▸ EXERCISE AIM: Without a single alteration, write the listing out again.
════════════════
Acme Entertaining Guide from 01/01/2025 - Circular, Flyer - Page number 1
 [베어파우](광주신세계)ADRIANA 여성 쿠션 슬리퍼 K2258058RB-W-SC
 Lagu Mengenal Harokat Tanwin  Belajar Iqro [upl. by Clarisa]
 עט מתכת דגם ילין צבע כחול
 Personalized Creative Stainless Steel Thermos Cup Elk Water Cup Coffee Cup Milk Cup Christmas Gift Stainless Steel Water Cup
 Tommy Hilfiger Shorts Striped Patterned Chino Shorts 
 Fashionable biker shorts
════════════════
▸ SOLUTION:
Acme Entertaining Guide from 01/01/2025 - Circular, Flyer - Page number 1
 [베어파우](광주신세계)ADRIANA 여성 쿠션 슬리퍼 K2258058RB-W-SC
 Lagu Mengenal Harokat Tanwin  Belajar Iqro [upl. by Clarisa]
 עט מתכת דגם ילין צבע כחול
 Personalized Creative Stainless Steel Thermos Cup Elk Water Cup Coffee Cup Milk Cup Christmas Gift Stainless Steel Water Cup
 Tommy Hilfiger Shorts Striped Patterned Chino Shorts 
 Fashionable biker shorts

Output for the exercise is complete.